Over the past decade, Broadmoor Bluffs resident Herman Tiemens has become a highly visible supporter of our local arts and cultural community. From the Colorado Springs Philharmonic, Arts Month and the Colorado Springs Chinese Cultural Institute, to the Cultural Office of the Pikes Peak Region, his engagement and philanthropy have made a notable impact on creativity in our region. You might recognize him from the full page ads that faithfully appear on the inside front cover of program books at many local performances.
This year, as he celebrates 10 years in the financial services industry with Wells Fargo Private Bank, I caught up with Tiemens to talk about local arts and culture and his advice for budding philanthropists.
“My love of the arts started at a young age.” he said, describing 13 years of piano lessons, multiple instruments played in four different high school bands, and the high point of winning the John Philip Sousa band award his senior year. Like it has for many of us, early arts education instilled in Tiemens a lifelong appreciation.
“I also have a very personal connection to the arts here in Colorado Springs,” he said proudly, “My sister, Sandra Tiemens, and her husband, Aaron Turner, have both been professional musicians in Colorado Springs for almost 20 years.”
But Tiemens’ interest in the arts extends far beyond brotherly support. He has invested many years in board service, volunteerism and philanthropy to strengthen the creative sector overall, and that comes from a deep belief in the way that art functions for communities.
“We know through economic studies that the arts have a very positive impact on a community,” he said. “They encourage local residents to get out in the community and they encourage visitors to be attracted to a destination. Vibrant arts communities also help employers attract and retain the best talent. I strongly believe the arts make us more creative, more receptive to new things and more compassionate people. They have a way of helping us celebrate diversity and stretching our minds.”
This belief has inspired the local leader to sponsor arts and culture at the corporate level, to create The Tiemens Foundation and to encourage other local philanthropists to get more involved in our local creative community by investing their time and resources. Feeling inspired? Check out “Tiemens’ Tips” for investing in the arts:
1. Get involved with something you’re passionate about.
2. Deepen your engagement beyond just writing a check. Serve on boards, volunteer, and attend exhibitions, performances and other events.
3. Stick with it for the long term. Relationships take time to evolve and grow.
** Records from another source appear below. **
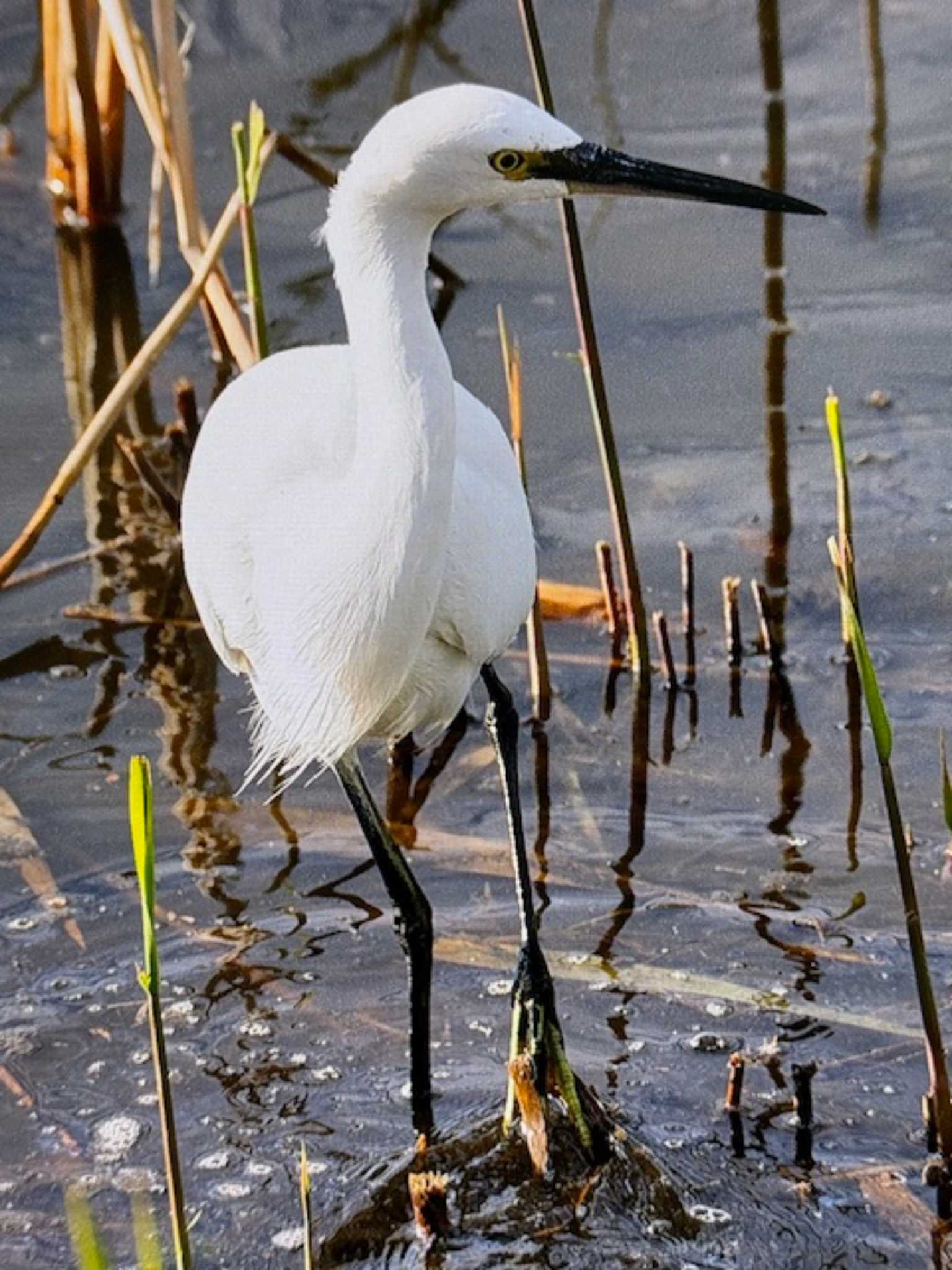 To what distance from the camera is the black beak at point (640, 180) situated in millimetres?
2367

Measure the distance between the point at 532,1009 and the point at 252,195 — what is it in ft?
4.71

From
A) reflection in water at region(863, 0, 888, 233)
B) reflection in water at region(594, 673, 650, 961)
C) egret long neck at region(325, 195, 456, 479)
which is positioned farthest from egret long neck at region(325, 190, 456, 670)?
reflection in water at region(863, 0, 888, 233)

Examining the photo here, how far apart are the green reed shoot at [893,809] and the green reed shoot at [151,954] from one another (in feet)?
2.57

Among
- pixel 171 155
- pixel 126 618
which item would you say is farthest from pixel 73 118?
pixel 126 618

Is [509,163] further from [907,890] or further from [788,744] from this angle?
[788,744]

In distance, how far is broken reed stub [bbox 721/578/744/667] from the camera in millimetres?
4074

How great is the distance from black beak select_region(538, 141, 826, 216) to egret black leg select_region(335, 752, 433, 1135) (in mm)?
1104

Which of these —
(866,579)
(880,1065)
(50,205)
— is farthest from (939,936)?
(50,205)

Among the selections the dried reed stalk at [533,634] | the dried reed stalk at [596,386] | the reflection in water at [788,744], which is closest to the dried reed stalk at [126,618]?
the dried reed stalk at [533,634]

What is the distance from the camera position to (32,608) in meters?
4.60

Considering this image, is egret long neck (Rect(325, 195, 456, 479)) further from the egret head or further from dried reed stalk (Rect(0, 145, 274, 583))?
dried reed stalk (Rect(0, 145, 274, 583))

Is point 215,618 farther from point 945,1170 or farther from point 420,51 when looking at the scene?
point 420,51

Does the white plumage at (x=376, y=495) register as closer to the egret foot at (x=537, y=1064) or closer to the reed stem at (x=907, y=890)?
the egret foot at (x=537, y=1064)

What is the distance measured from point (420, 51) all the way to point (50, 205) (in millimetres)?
1432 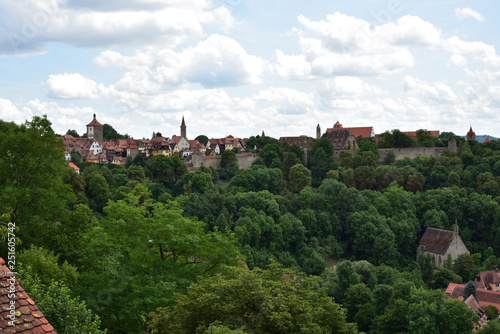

If you need help identifying a local arts and cultural group that fits your interests, the Cultural Office can help. Download our free, comprehensive directory to more than 400 local arts and cultural organizations and groups at tinyurl.com/ktw2qnb. Most of them offer diverse opportunities for volunteering, board service and philanthropy of all kinds.
Plus, when you support local arts, there is one particularly rewarding kick-back.
“For me, supporting the arts is a way to give back to the community while creating opportunities for me to do things that I love to do.” Tiemens said with a smile.